Winter faded away and throughout the spring we kept in touch through unexpected texts, phone calls sprinkled with laugher, and tales of important news. No longer tied up in relationship conventions, we had stopped taking each other for granted and were beginning to forge a friendship that was stronger than anything we’d previously had.

We could spend hours in each other’s company, eating up time in nonsensical chatter and, as lovers do, gazing into each other’s eyes.  The soft cusp of a hand around another could feel like the safest place in the world. Long after it was over, this is what I missed the most.

In the midst of love, when other people felt like mere blurs on our landscape, it would have been abhorrent to question whether my love was truly requited. It was an automatic assumption that he felt the same. However, in a state of reflection, doubts begin to impinge on my memory.

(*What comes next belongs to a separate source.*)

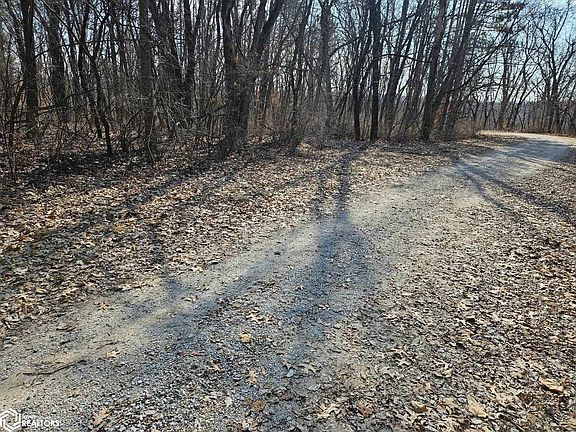 2nd image of 1310 Pine Ridge Ln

Could it be that, in addition to conveying a story I never wanted anyone to hear, I am also conveying a story based upon a person who didn’t even reciprocate my love? Surely it would be better to quickly swallow up my emotions; erase the words, and instead construct a story based upon my love towards an inanimate object, something that could never have loved me back and therefore not risk the horror that the love was all one-sided.

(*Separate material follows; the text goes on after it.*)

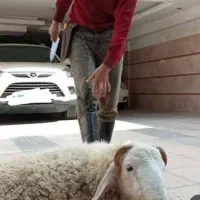 ذبح گوسفند مرغ وغیره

No one begins to love with the intention of being gratified by its return. It’s something we later hope for. My feelings cannot be altered or invalidated if they stand alone. I still felt love. It’s still mine.

The details of the rest of that summer pervade me, as if my mind is trying to trick me into believing that’s ‘THE END’, no more words and nothing else will have happened. Two lovers eternally trapped in one scene as Keats so desperately wanted in his Grecian Urn, or the scriptwriters of the Sex and the City Movie who perpetually retain Carrie and Big in their shared apartment, stuck in the movie, knowing there need be no sticky conclusion for now, who wants an end, an ‘it’s over’, goodbye folks and don’t let the cinema door hit you on the way out.

As it goes, there was a conclusion; I struggle to blame anyone but myself for smudging the picture that was being made. Being my usual melodramatic self, I remember overreacting to something; most likely because I was again becoming comfortable in our relationship, and with comfortableness sometimes means treating those closest to us in a lesser manner than we rightfully should.  As we were both too proud to admit our faults, nothing was resolved.

My main regret was not realising until it was too late, that in all the jovial comments about once more cementing the status of our relationship, while I was enjoying the freedom of our friendship, there was a truth and a need for reassurance in those words.

My first love will always hold me in its claws, whether it is the person or the purity of those feelings that grasps at my heart reins. In either instance, it is an experience for which I am eternally grateful. Can we, will we ever love in the same way again?  If we allow ourselves to do so, to give ourselves to someone completely, unconditionally, inexplicably…perhaps.